Posted by Tom Bradford <br...@dbxmlgroup.com>.

On Tuesday, January 15, 2002, at 08:28 AM, Mark J. Stang wrote:
> What Steven wrote helps and it creates a new question.
> Examples:
> //*[contains(@lname,'Bradford')]
> //*/lname[contains(self::*,'Staken')]

If an index is available for lname, it will be used, but *not* for a 
contains query because a contains query is essentially a substring 
search which can't benefit from index retrieval, so you're essentially 
doing a collection scan.  Also, because you're using //*, you're telling 
the XPath processor to look at every single element of every document to 
determine if it has a lname attribute (for the first one) or an lname 
element child (for the second one).  This is incredibly slow, even for a 
single document because the XPath processor is forced to visit every 
node instead of searching from the root.

--
Tom Bradford - http://www.tbradford.org
Developer - Apache Xindice (Native XML Database) - http://xml.apache.org
Creator - Project Labrador (Web Services) - http://xml-labrador.sf.net

Re: Speed issue

Posted by "Mark J. Stang" <ma...@earthlink.net>.

What Steven wrote helps and it creates a new question.

If I create indexs on my tags and attributes, when I use an
xpath query that specifies one of those tags, will the index
be used.

Examples:
//*[contains(@lname,'Bradford')]
//*/lname[contains(self::*,'Staken')]

In these examples, "lname" is in one case a tag and in another case an
attribute.   If I index on the tag and the attribute, then XIndice
shouldn't
have to search every piece of text in the document only those tags and
attributes for each document in the collection.

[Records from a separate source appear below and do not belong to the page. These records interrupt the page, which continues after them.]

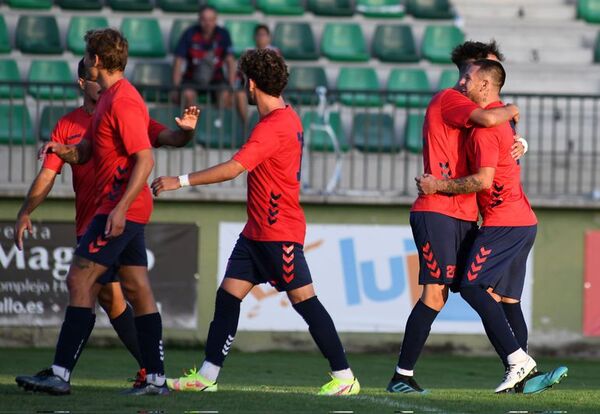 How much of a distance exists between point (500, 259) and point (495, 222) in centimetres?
26

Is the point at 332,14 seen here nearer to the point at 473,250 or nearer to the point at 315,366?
the point at 315,366

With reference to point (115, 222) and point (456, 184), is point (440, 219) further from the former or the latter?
point (115, 222)

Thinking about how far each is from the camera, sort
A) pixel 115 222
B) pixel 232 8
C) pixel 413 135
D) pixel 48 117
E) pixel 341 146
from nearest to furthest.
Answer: pixel 115 222 < pixel 48 117 < pixel 341 146 < pixel 413 135 < pixel 232 8

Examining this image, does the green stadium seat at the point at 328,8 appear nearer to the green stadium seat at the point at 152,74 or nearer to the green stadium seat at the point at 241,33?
the green stadium seat at the point at 241,33

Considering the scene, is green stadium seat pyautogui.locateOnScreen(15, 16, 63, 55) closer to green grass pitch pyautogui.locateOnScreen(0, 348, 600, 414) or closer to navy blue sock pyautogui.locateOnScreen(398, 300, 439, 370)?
green grass pitch pyautogui.locateOnScreen(0, 348, 600, 414)

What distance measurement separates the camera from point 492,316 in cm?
818

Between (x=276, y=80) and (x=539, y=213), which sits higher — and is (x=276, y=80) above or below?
above

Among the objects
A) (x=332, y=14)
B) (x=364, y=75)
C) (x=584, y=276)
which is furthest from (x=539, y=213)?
(x=332, y=14)

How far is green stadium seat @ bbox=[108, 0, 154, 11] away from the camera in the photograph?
671 inches

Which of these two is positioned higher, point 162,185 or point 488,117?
Answer: point 488,117

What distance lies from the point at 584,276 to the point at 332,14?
5.28m

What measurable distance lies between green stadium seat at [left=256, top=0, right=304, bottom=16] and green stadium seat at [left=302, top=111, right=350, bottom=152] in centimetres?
279

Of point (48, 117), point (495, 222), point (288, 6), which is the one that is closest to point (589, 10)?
point (288, 6)

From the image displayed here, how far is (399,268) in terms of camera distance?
14.0 metres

Tom/Kimbro/et. al. is is this correct, does XIndice work this way?

thanks,

Mark

Steven Noels wrote:

> > -----Original Message-----
> > From: Mark J. Stang [mailto:markstang@earthlink.net]
> > Sent: dinsdag 15 januari 2002 7:46
> > To: xindice-users@xml.apache.org
> > Subject: Re: Speed issue
> >
> >
> > Tom,
> > Two questions:
> > 1) What is an "assistant predicate"?
> >
> > 2)I have been doing searches using the following format:
> >
> > "//*[contains(@"+getFieldName()+",'"+getText()+"')]";
> > "//*/"+getFieldName()+"[contains(self::*,'"+getText()+"')]";
> >
>
> Seems like your XPath expressions are the culprit: what you are
> basically asking is to check each & every element in the collection
> (//*) for a certain substring.
>
> Indices will not help much, I'm afraid.
>
> Is it not possible to indicate the element (or path to the element) in
> which the substring should occur?
>
> /root/some_path_towards/element[contains()]
>
> Using // basically shotcuts any optimization possible.
>
> Hope this helps,
>
> Steven Noels
> http://outerthought.org/
> (+32)478 292900

RE: Speed issue

Posted by Steven Noels <st...@outerthought.org>.

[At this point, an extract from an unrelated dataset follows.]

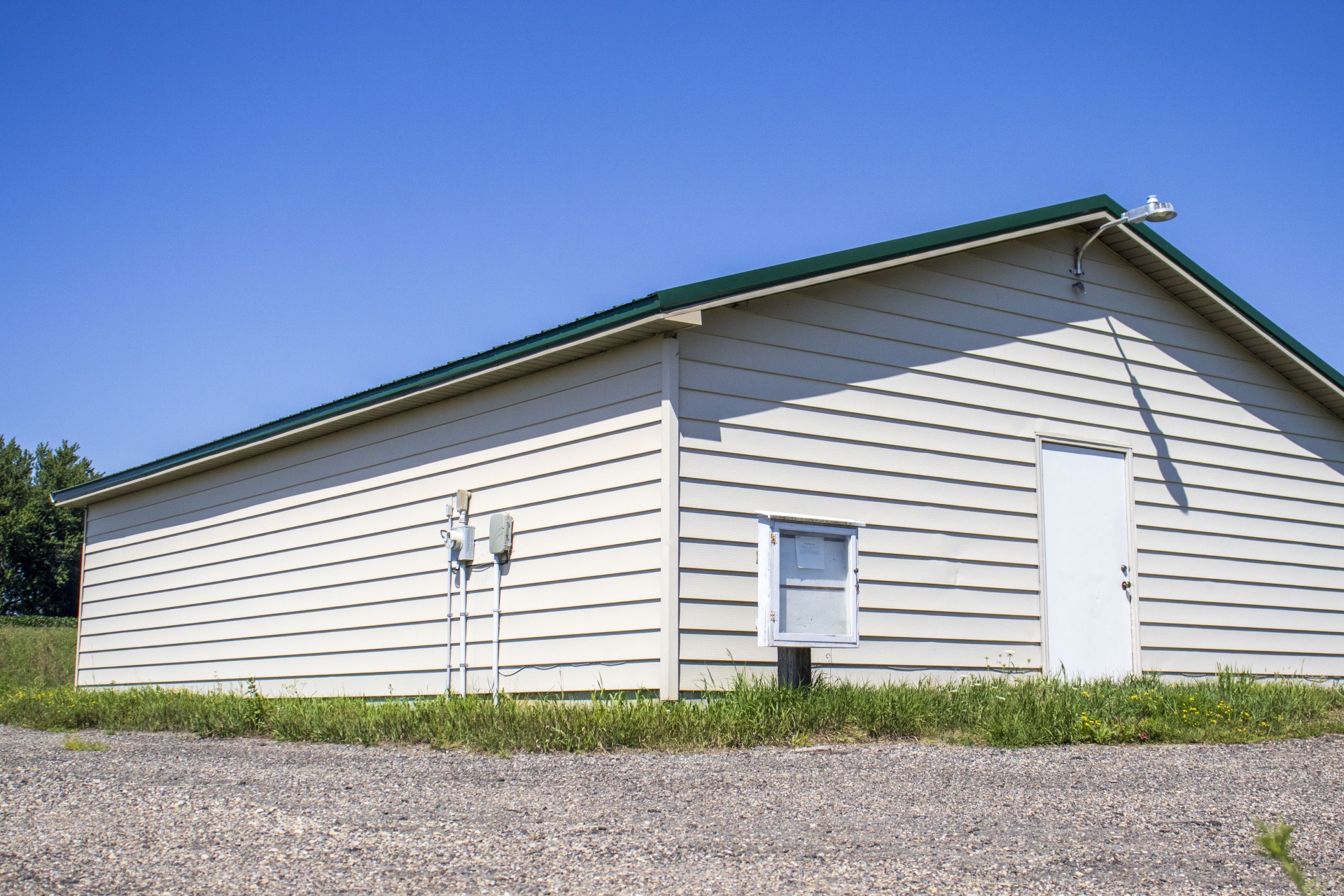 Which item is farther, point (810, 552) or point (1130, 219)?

> -----Original Message-----
> From: Mark J. Stang [mailto:markstang@earthlink.net]
> Sent: dinsdag 15 januari 2002 7:46
> To: xindice-users@xml.apache.org
> Subject: Re: Speed issue
>
>
> Tom,
> Two questions:
> 1) What is an "assistant predicate"?
>
> 2)I have been doing searches using the following format:
>
> "//*[contains(@"+getFieldName()+",'"+getText()+"')]";
> "//*/"+getFieldName()+"[contains(self::*,'"+getText()+"')]";
>

Seems like your XPath expressions are the culprit: what you are
basically asking is to check each & every element in the collection
(//*) for a certain substring.

Indices will not help much, I'm afraid.

Is it not possible to indicate the element (or path to the element) in
which the substring should occur?

/root/some_path_towards/element[contains()]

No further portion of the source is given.